# Canon pricing



## islander (Sep 6, 2011)

The 1Ds MK3 is listed as low as $6599 in Canada but no stock. If Canon is to come out with a new model typically whats the trend in terms of pricing. Would the new MK4 (if that's what it's called) generally be priced well over the past model and take several months to drop? Curious if anyone knows how the higher end digital cameras were priced with Canon.


----------



## DJL329 (Sep 6, 2011)

islander said:


> The 1Ds MK3 is listed as low as $6599 in Canada but no stock. If Canon is to come out with a new model typically whats the trend in terms of pricing. Would the new MK4 (if that's what it's called) generally be priced well over the past model and take several months to drop? Curious if anyone knows how the higher end digital cameras were priced with Canon.
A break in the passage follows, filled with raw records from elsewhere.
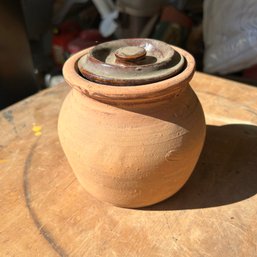 Small Terracotta Ceramic Pot With Lid (garage Left)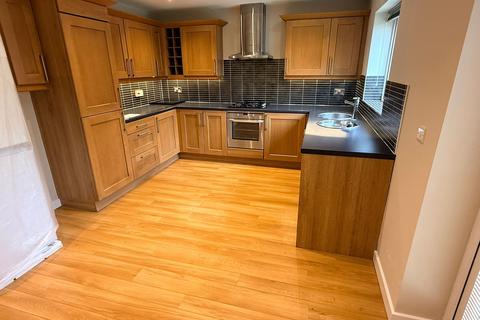 3 bedroom townhouse to rent, Baptist Lane, Ossett, WF5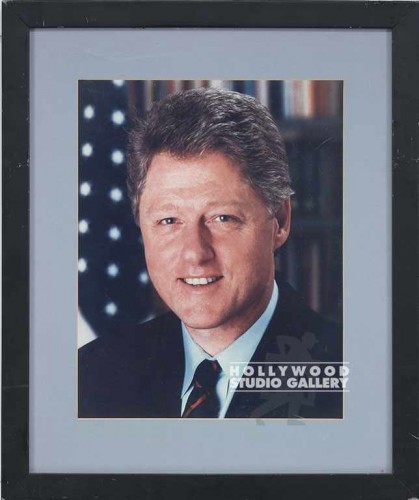19x16 President Clinton Photograph
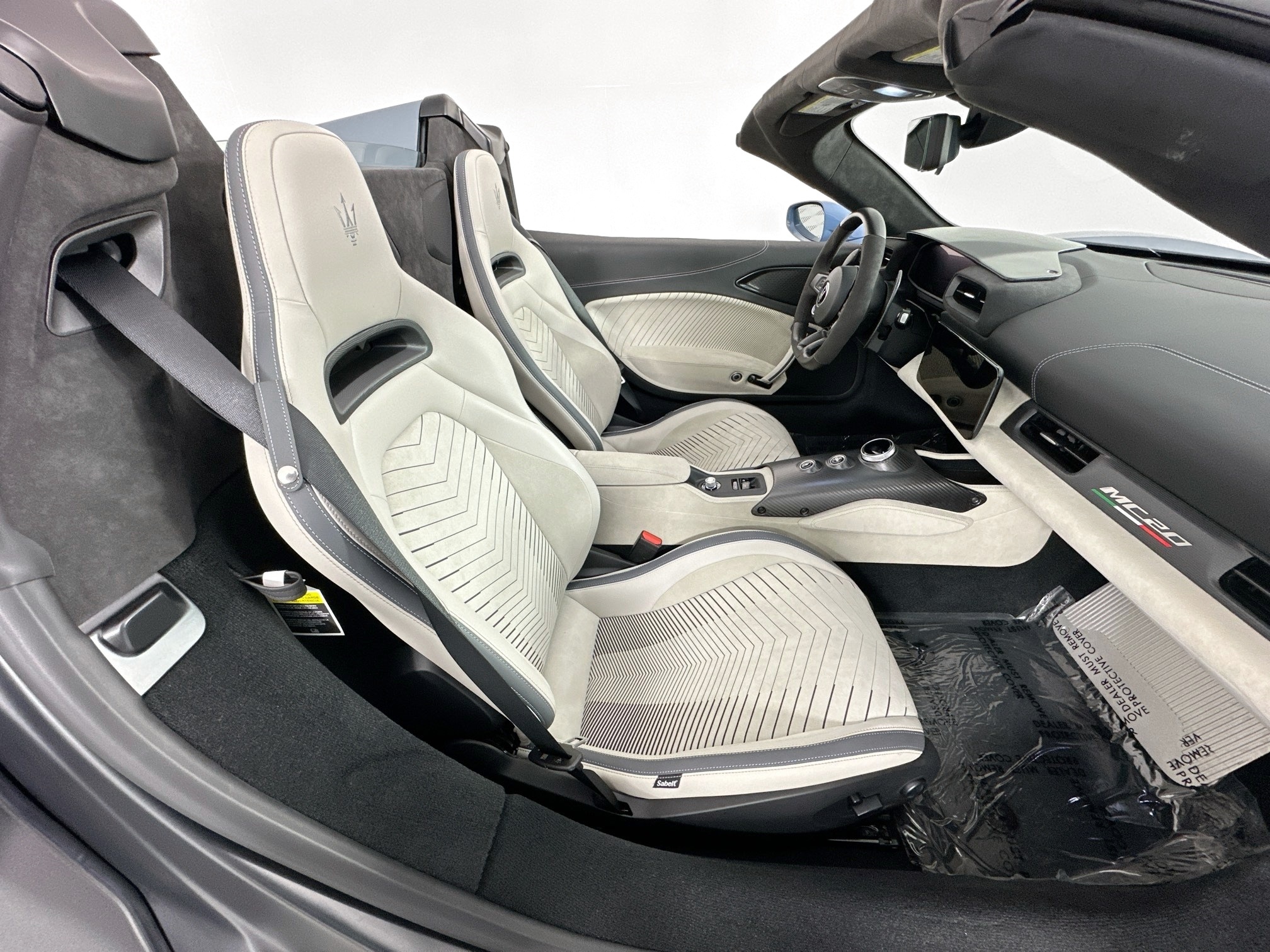 new 2023 Maserati MC20 Cielo car, priced at $264,395
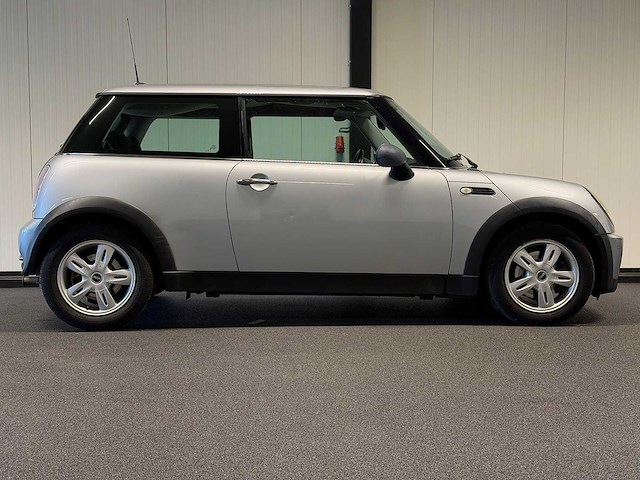 Mini - mini - 1.6 one pepper - car - 2005 96-rn-zv iaw - afbeelding 8 van  19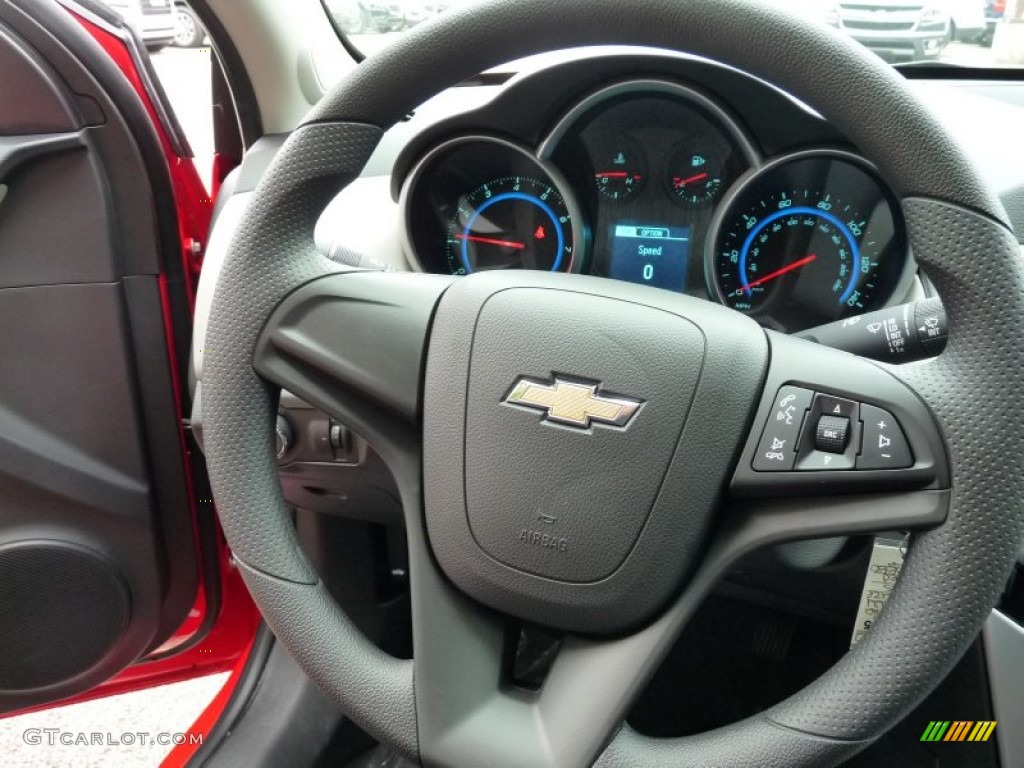 2016 Chevrolet Cruze Limited LS Steering Wheel Photos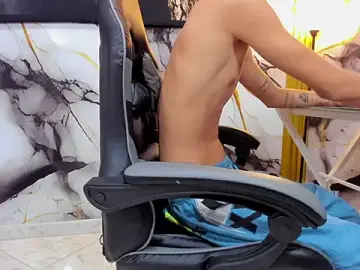 Stripchat Live Sex of mono_blonde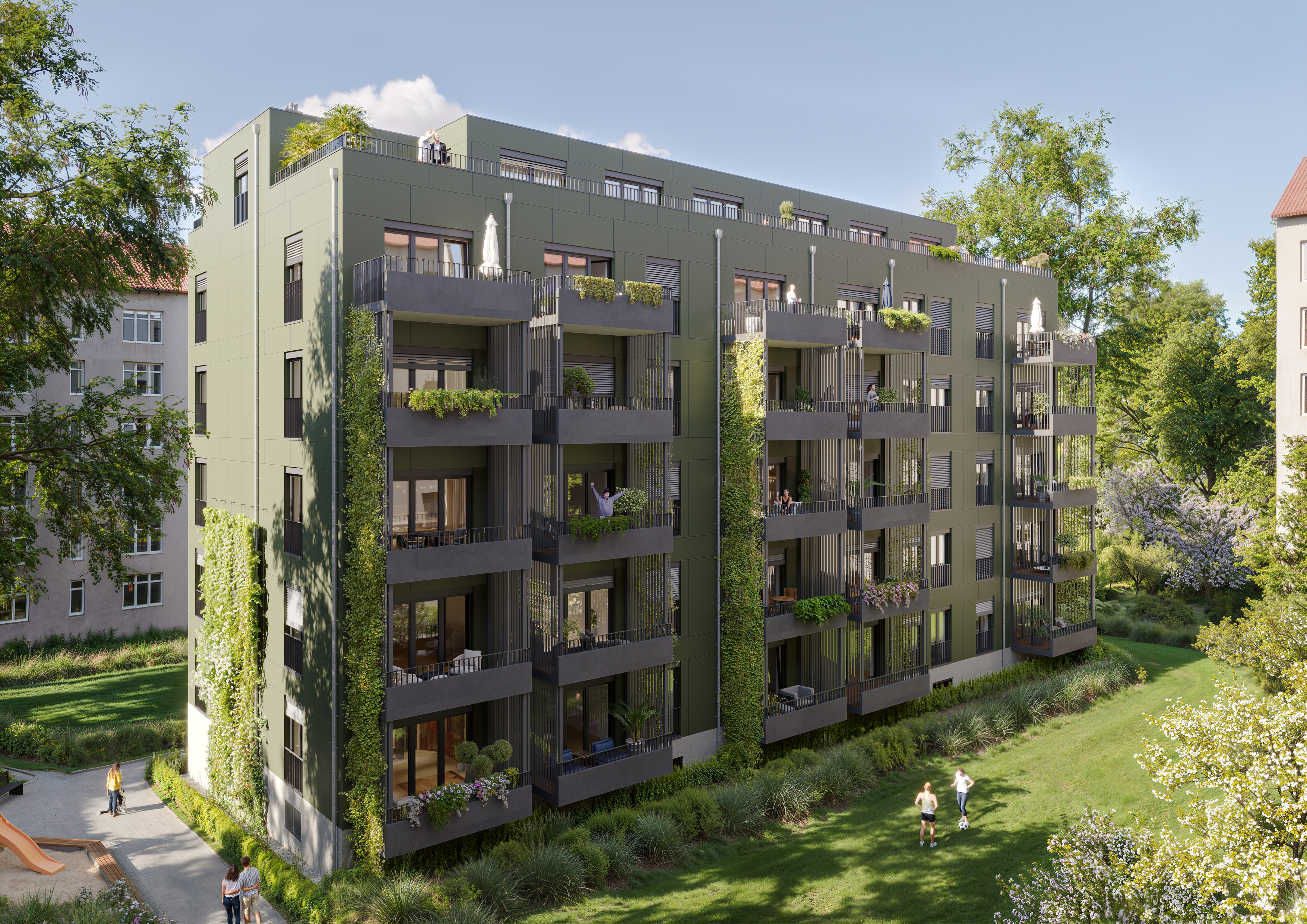 Zu sehen ist ein Gebäude zur Hofseite mit Balkonen und Personen auf den Balkonen und auf dem Hof.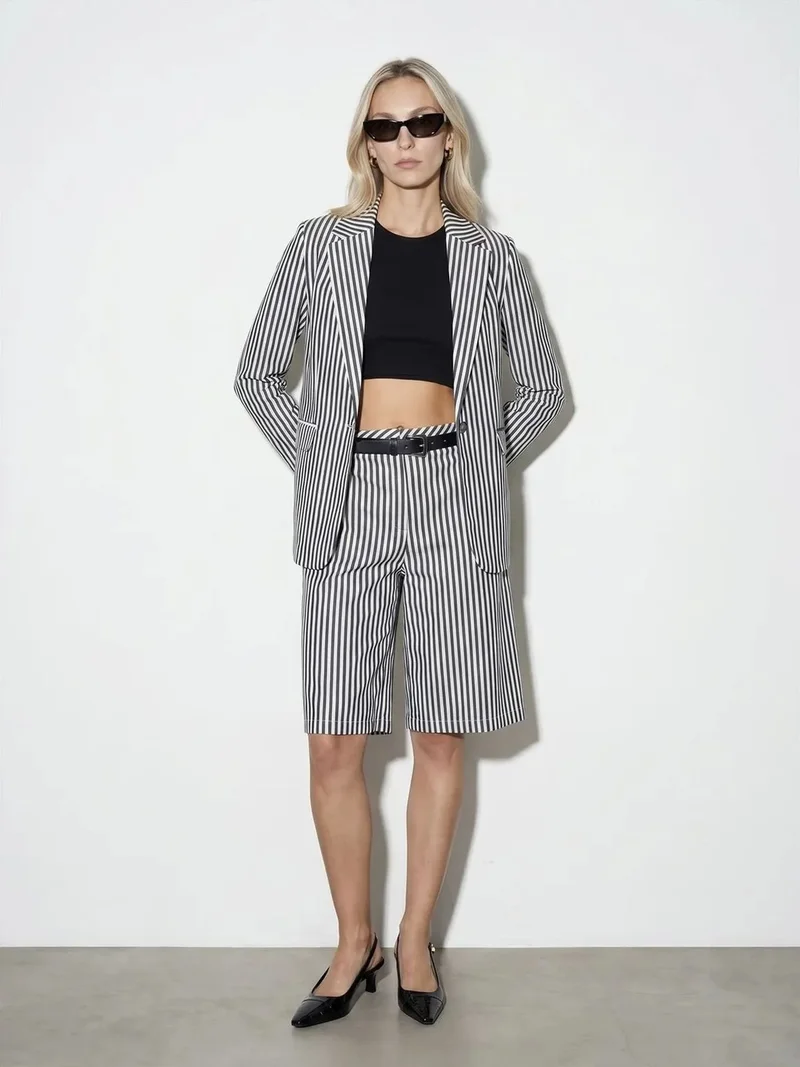 Dilvin DILVIN Women's High-waist Striped Belted Tailored Shorts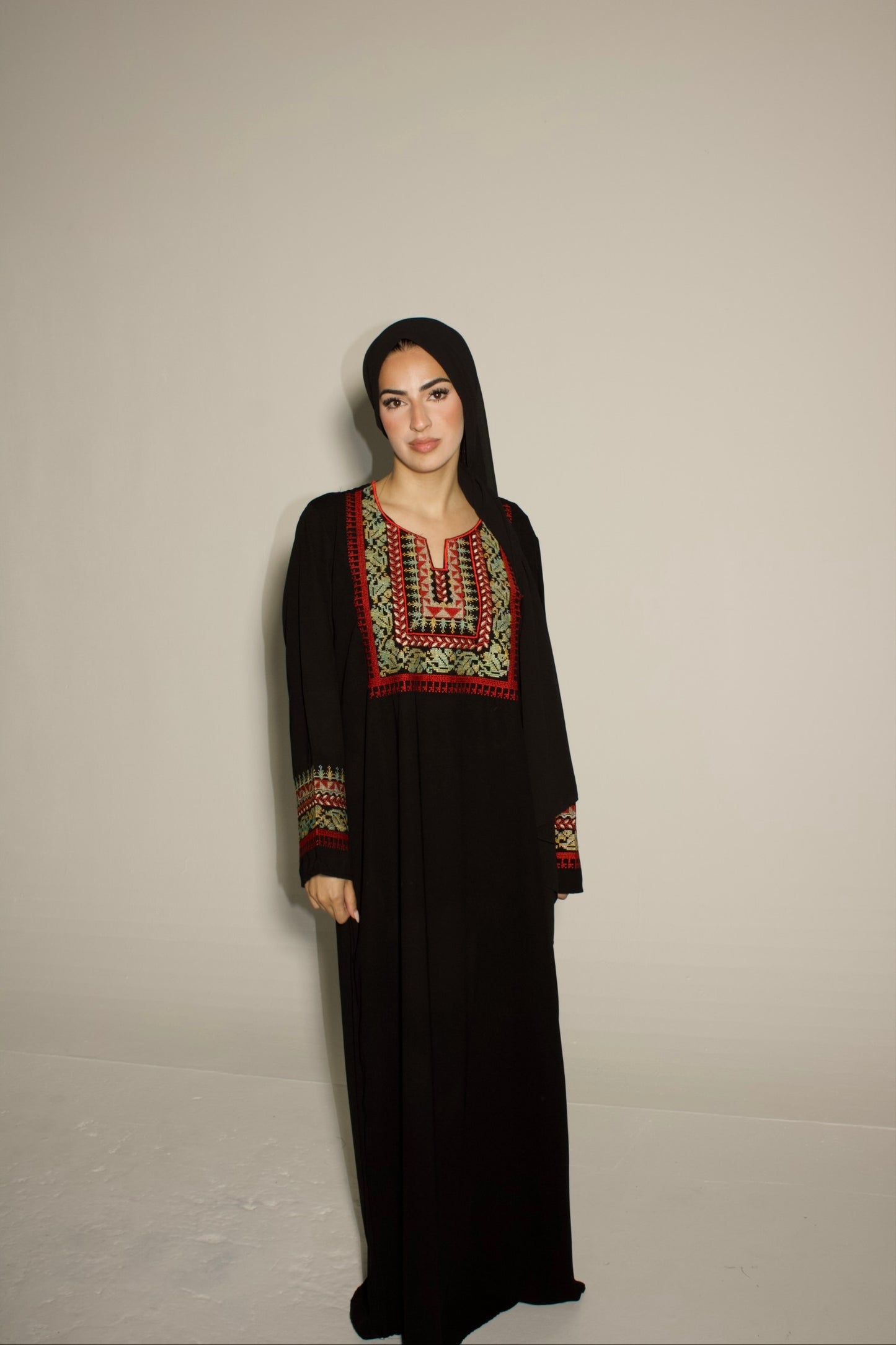Palestinian Thobe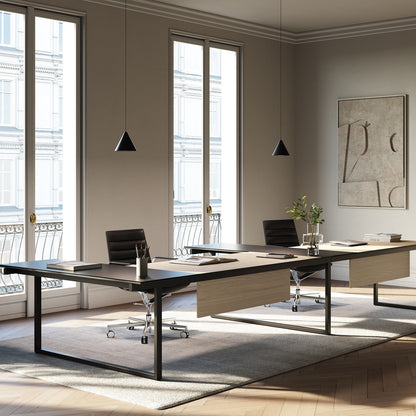 Scrivanie BE.1 Frezza in melaminico affiancate in un ufficio open space
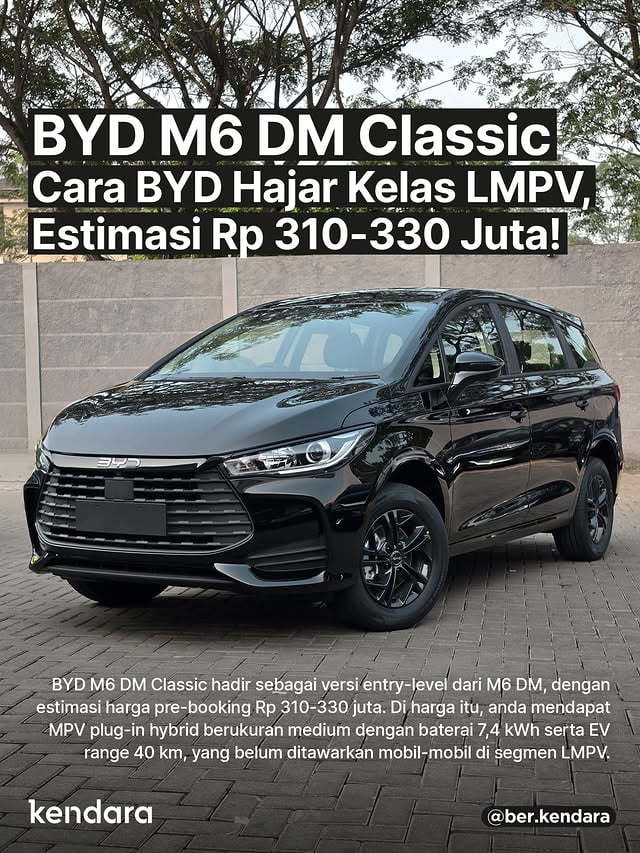 BYD M6 DM Classic hampir pasti bakal menjadi mobil plug-in hybrid paling terjangkau di Indonesia. Ya, estimasi harga pre-booking mobil ini berada di angka Rp 310 juta (Classic Standard) dan Rp 330 juta (Classic Dynamic).Di rentang harga itu, mobil ini bakal berhadapan langsung dengan LMPV bensin biasa, mild hybrid, maupun full hybrid. Bedanya, mobil ini dibekali sistem PHEV dengan baterai LFP 7,4 kWh, sanggup memberikan EV range hingga 40 km.Dibanding varian Cross, perbedaannya terlihat di beberapa titik. Lampu depan masih projector LED untuk utamanya, namun sein dan high beam masih halogen. Lampu belakang dibuat terpisah menyerupai BYD e6.Pelek 16 inci dengan ban 225/60 R16, tanpa chrome trim di jendela, tanpa roof rail, dan tanpa power tailgate. Kamera 360 tetap ada, tapi parking sensor tidak tersedia.Masuk ke kabin, kesan fungsional langsung terasa dengan panel instrumen analog dengan layar dot matrix di tengah, head unit 10 inci, jok manual, setir & jok tanpa lapisan kulit, dan material plastik biasa di panel tengah.Yang tetap ada di varian Dynamic ini adalah Apple CarPlay, Android Auto, koneksi BYD Apps, voice command, NFC key, cruise control, dan kamera 360. Juga tetap 7-seater dengan armrest di baris kedua.MPV ini mengandalkan mesin 1.498 cc 4-silinder DM-i PHEV, dipadukan motor listrik. Baterai LFP 7,4 kWh hanya mendukung AC charging tanpa DC fast charging dan tanpa V2L, berbeda dari M6 Cross yang mengusung baterai 18 kWh dengan DC charging.Dengan harga pre-booking Rp 310-330 juta, BYD M6 DM Classic jelas bakalan dibanding-bandingkan dengan beragam mobil 7-seater hybrid, mild hybrid hingga bensin biasa. Misalnya dari Veloz Hybrid, XL7, Xpander, Stargazer, hingga Rush. Pilih mana nih?Terima kasih kepada Mifta dari BYD Arista BSD City yang telah memberikan kami kesempatan mengulas BYD M6 DM Classic ini, untuk informasi lebih lanjut silahkan hubungi di nomor 0821-3050-5079.#byd #bydm6 #bydm6dm #m6classic #bydindonesia #phev #pluginhybrid #lmpv #mpv by @ber.kendara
When the 1Ds Mark III was originally released, it was $7,999 (US). Here's a link to a press release from 2007. The original price is listed about a page down, right above the section titled "*History*."

http://www.imaging-resource.com/PRODS/E1DSMK3/E1DSMK3A.HTM

Judging by the increased cost of the new "L" lenses (70-200mm f/2.8L II, 300mm f/2.8L II and 400mm f/2.8L II), the replacement will be more than $8,000.


----------



## CanineCandidsByL (Sep 7, 2011)

I haven't looked too hard, but generally I noticed about a 20% increase in price for the new models of canon's more expensive gear. Thats about 9600 (1.2 * 8000). Not sure if that can hold in the current economy, but I would be prepared for a camera near the 10k mark. I'm really hoping they make it at the same 8k though.


----------



## islander (Sep 8, 2011)

Thanks for the responses-I located a new MK3 and it's on it's way, should arrive tomorrow.


----------